The European Union will discuss tightening sanctions against Russia on Monday.

With the war in Ukraine grinding on and increasingly spilling out into global energy and food crises, EU foreign ministers are considering banning gold purchases from Russia, which would align with sanctions already imposed by G7 partners.

More Russian figures could also be placed on the EU’s blacklist.

“Moscow must continue to pay a high price for its aggression,” European Commission President Ursula von der Leyen said after forwarding the proposed measures.

Brussels is expected to hold initial sanctions discussions Monday, but not make a same-day decision, according to a senior EU official.
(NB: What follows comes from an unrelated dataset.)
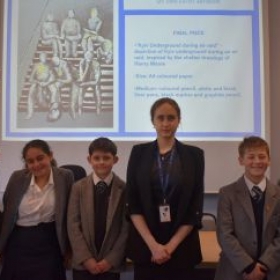 Prize Winner Nastja &lsquo;No Place Like Home&rsquo; Competition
4:22am: Zelensky says he raised Ukraine stance on Russia gas turbine with Trudeau

President Volodymyr Zelensky said he had told Prime Minister Justin Trudeau on Sunday that Ukrainians would never accept Canada’s decision to return a gas turbine intended for a Russian pipeline because it would encourage more sanctions violations.

Zelensky said in his nightly video address that he had talked to Trudeau earlier and thanked him for his support. “However I stressed separately that Ukrainians will never accept Canada’s decision regarding the Nord Stream turbine,” he said. Handing it to Germany violated sanctions, he added.

Trudeau said on Wednesday that it was a “very difficult decision” to grant an exemption from sanctions imposed on Russia for the return of the repaired turbine, needed for the Nord Stream 1 gas pipeline.

But Zelensky, echoing earlier remarks by other Ukrainian officials, said Russia was engaging in blackmail with gas. “If there is one violation now, it is only a matter of time before there will be others,” he said.

12:32am: Russian journalist who protested Ukraine war on TV detained

Russian police on Sunday detained journalist Marina Ovsyannikova, who in March interrupted a live TV broadcast to denounce the military action in Ukraine, her lawyer said.

No official statement has been made, but her detention comes a few days after 44-year-old Ovsyannikova demonstrated alone near the Kremlin holding a placard criticising Russia’s intervention in Ukraine and President Vladimir Putin.

“Marina has been detained,” her entourage said in a message posted on the journalist’s Telegram account. “There is no information on where she is.”

The message included three photos of her being led by two police officers to a white van, after apparently having been stopped while cycling.

12:05am: Zelensky sacks Ukraine's top prosecutor, security chief

Ukrainian President Volodymyr Zelensky has sacked his chief prosecutor and the head of the country’s security agency in the largest government shakeup since the start of Russia’s invasion nearly five months ago.

Zelensky said he was firing Prosecutor General Iryna Venediktova and security chief Ivan Bakanov amid a high number of cases of suspected treason by Ukrainian law enforcement officials.

“Today, I made the decision of relieving of their duties the prosecutor general and the head of Ukraine’s security service,” Zelensky said in his daily address to the nation.

Zelensky said over 650 cases of suspected treason and aiding and abetting Russia by Ukrainian security officials are currently being investigated, including 60 cases of officials who have remained in territories occupied by Russia and are working against Ukraine.